How Corruption Led to the Oslo Agreement

This article is indebted to the research of Attorney Howard Grief.

As is fairly well known, the Israel-PLO Declaration of Principles of September 13, 1993, known as the Oslo Agreement, has produced a litany of personal tragedies and national disasters. Suffice to mention the following:

  • the murder of some 1,600 Jewish women, men, and children by PLO-Palestinian Arab terrorists;

  • the wounding and maiming of some 6,000 more Jews by these terrorists;

  • the expulsion of 10,000 Jews from their homes via the so-called unilateral disengagement plan;

  • the transformation of Gaza into an Iranian-Hamas base for bombing Sderot and Ashkelon;

  • the smuggling of arms from Gaza to Judea and Samaria;

  • the loss of Israel’s deterrent power (which contributed to Hezbollah’s incursion in the north).

What is not known is the hidden cause of these disasters.
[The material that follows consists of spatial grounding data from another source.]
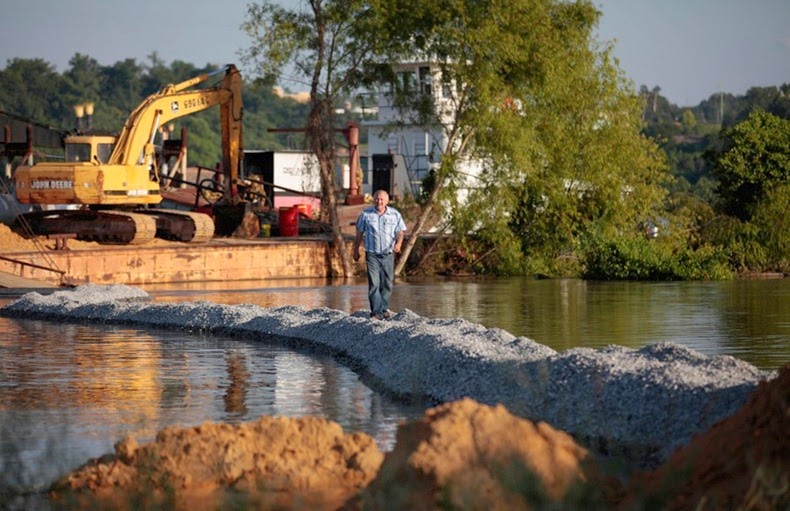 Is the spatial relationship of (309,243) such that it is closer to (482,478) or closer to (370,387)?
(370,387)

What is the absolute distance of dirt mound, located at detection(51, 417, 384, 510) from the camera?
8.80m

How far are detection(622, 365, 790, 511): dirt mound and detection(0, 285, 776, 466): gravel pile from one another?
1.83 meters

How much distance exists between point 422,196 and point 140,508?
42.7 m

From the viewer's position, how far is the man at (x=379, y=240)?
69.1 ft

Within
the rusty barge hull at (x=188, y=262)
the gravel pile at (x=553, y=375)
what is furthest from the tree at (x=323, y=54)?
the gravel pile at (x=553, y=375)

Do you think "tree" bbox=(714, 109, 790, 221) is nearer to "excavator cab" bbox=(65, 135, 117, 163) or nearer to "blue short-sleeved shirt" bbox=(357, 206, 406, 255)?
"excavator cab" bbox=(65, 135, 117, 163)

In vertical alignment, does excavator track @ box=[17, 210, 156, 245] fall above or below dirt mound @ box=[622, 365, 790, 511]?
above

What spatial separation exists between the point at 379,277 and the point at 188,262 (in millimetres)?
23416

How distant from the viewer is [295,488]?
8922 mm

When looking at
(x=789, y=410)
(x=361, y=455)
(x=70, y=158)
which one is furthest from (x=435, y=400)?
(x=70, y=158)

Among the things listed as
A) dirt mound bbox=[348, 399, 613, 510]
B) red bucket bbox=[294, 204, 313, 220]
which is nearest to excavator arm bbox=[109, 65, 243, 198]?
red bucket bbox=[294, 204, 313, 220]

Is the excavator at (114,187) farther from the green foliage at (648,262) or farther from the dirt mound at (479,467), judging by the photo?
the dirt mound at (479,467)

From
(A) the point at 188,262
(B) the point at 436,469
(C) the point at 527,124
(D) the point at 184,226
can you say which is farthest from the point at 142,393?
(C) the point at 527,124

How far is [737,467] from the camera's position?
7871 millimetres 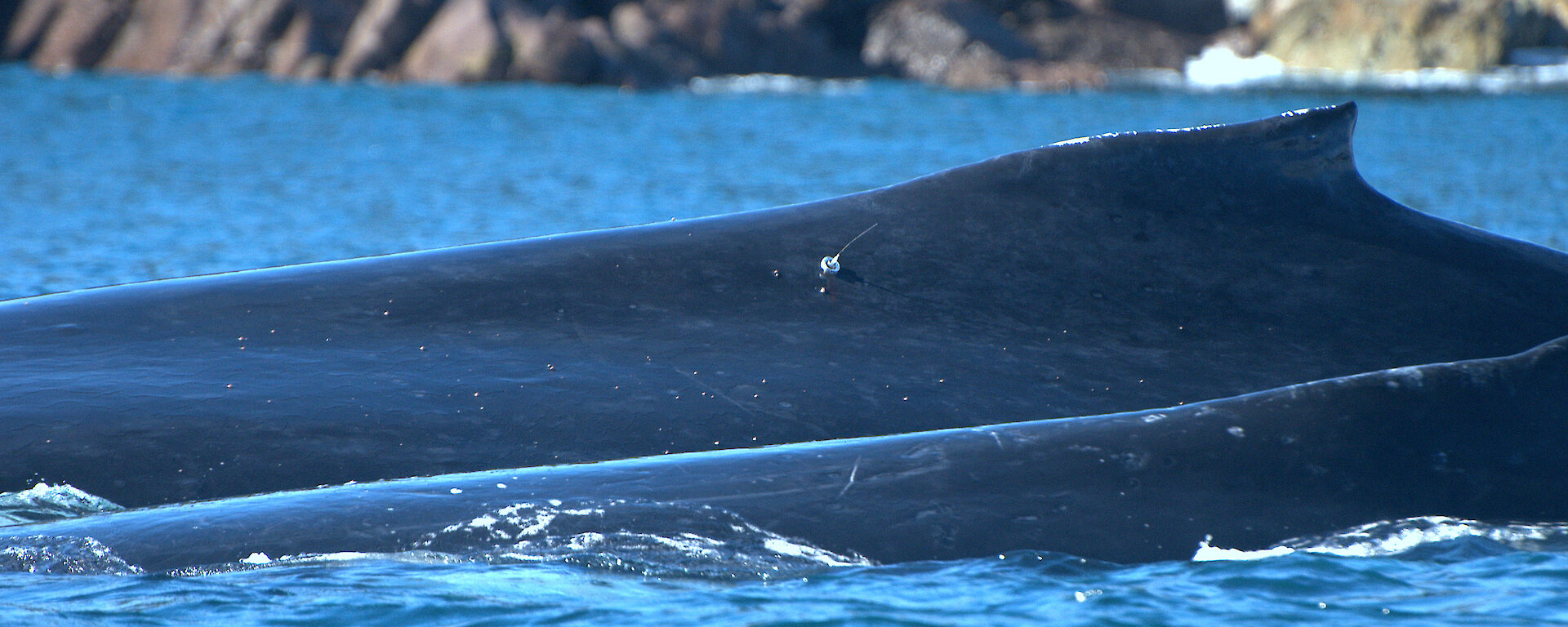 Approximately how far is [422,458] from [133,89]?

Consider the corrupt financial relationship that existed between the Labor and Shas parties between 1989 and 1996. This relationship, though exposed by the State Comptroller, was never legally addressed by the Ministry of Justice or resolved despite overwhelming evidence of wholesale corruption between these two parties. The result of this illegal relationship was to facilitate a changeover of political power from Likud to Labor in 1992 and then its consolidation until 1996.

On January 11, 1993, a special Report of the State Comptroller was published which detailed a cozy relationship between Shas and Labor based on illegal payments made in violation of the criminal laws and the Party Financing Law. The Report stated that a deal was made between the two parties on October 6, 1989 under which Shas agreed to back Labor in the Histadrut elections of that year in return for monthly consecutive payments of 110,000 NIS (about $55,000 in U.S. funds at the time) which were spread out over a three-year period lasting significantly until the end of 1992, six months after the June 23 national elections.

These political payments by Labor to Shas continued despite a Supreme Court decision in February 1991 which barred any kind of payoffs or financial benefits between parties. By receiving illegal and secret payments, Shas in effect became a religious affiliate of the Labor Party. It was therefore not surprising that Shas agreed to join the Labor-Meretz Coalition Government in 1992 which helped to initiate the (illegal) Oslo peace process and at the same time brought Shas further financial rewards and political honors.

This was done despite Shas’ false promise to its religious voters, most of whom are nationalists, never to join a proposed Labor Government. (This betrayal of the voters was facilitated by the fact that members of the Knesset are not individually elected by and accountable to the voters in regional elections. The same institutional flaw enabled 23 Likud MKs to vote for the “unilateral disengagement” law of October 2004 despite their having campaigned against disengagement in the January 2003 election.)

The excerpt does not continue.